Early word-object associations are non-selective

Mayor, J. 1 & Sia, M. Y. 2

1 Department of Psychology, University of Oslo
2 School of Psychology, The University of Nottingham Malaysia Campus

From around their second birthday, infants learn new words increasingly fast. The application of learning biases has been assumed to reduce referential ambiguity in naming situations, thus resulting in efficient vocabulary learning. One of these biases, Mutual Exclusivity, describes the tendency infants have of looking at novel objects when hearing novel labels, implicitly expecting both the formation of mappings between novel objects and novel words (a pre-requisite to word learning) and the rejection of second labels for name-known objects.
Three studies aimed at testing the selectivity of such word-object associations. The first two studies - a tablet-based study with 4- to 12-year-old children and an eye-tracking experiment with 21-month-old infants - suggested that associations between name-known objects and additional novel labels are, in fact, not inhibited.
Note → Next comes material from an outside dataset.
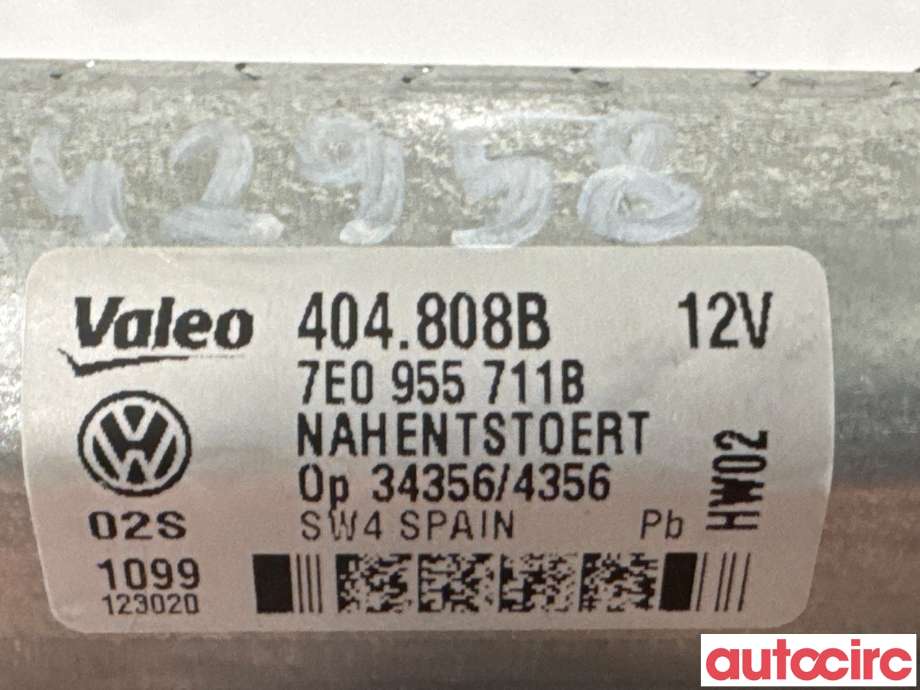 Viskermotor bakrute til VW Transporter / Caravelle 2019-->> (T6.1) (T6.1) (VOLKSWAGEN|7E0955711B|404808B|7LA955711B)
A third experiment, supplemented with computer simulations, ruled out cascaded activation patterns as an alternative explanation and, instead, confirmed that word-object associations are non-selective throughout infancy and childhood, in a manner not dissimilar to cross-situational statistical learning.
Our results provide converging evidence that infants and children are flexible when learning words and readily entertain the possibility that objects can have multiple names.